This script splits a PDF file based on its bookmarks, creating separate PDF files and organizing them into directories.
- Top-level bookmark splitting: Creates separate PDFs for each top-level bookmark with filename prefix "_"
- Directory creation: Creates folders with the same name as top-level bookmarks with prefix "_"
- Sub-level bookmark splitting: Creates separate PDFs for each sub-level bookmark with filename prefix "_<page_number>"

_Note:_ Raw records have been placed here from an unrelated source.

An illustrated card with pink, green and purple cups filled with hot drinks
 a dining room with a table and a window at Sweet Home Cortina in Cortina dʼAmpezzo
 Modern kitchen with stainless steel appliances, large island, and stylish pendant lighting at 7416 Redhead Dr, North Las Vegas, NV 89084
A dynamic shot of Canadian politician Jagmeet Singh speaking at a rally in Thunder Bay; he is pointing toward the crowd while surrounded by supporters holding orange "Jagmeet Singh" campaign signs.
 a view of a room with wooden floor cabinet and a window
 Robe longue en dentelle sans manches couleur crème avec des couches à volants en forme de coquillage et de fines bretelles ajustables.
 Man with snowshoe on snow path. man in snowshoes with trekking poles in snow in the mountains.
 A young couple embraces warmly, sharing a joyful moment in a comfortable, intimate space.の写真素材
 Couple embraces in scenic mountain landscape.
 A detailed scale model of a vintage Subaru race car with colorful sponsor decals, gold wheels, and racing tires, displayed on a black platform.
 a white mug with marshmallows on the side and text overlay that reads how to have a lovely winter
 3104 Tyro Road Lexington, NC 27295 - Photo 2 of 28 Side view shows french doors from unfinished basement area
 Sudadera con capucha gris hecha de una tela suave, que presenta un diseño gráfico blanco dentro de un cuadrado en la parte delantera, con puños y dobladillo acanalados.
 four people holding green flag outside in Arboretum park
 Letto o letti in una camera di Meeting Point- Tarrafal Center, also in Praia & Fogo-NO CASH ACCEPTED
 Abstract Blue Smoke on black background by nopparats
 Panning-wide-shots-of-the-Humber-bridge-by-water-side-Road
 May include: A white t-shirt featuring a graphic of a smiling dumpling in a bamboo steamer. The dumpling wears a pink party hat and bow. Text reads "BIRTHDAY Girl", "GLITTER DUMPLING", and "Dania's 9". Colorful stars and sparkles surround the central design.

- Sub-level directory creation: Creates directories for each sub-level bookmark within their top-level directories
- File organization: Moves sub-level PDFs to their respective sub-level directories
- Page splitting: Splits each sub-level PDF into individual pages and stores them in "_pages" directories
- Python 3.6+
- PyMuPDF (fitz)
- tkinter (usually included with Python)
- Install the required dependencies:
pip install -r requirements.txt
python pdf_bookmark_splitter.py
- A file dialog will open - select your PDF file
- The script will process the PDF and create directories in the same location as the PDF
python pdf_bookmark_splitter.py "path/to/your/file.pdf"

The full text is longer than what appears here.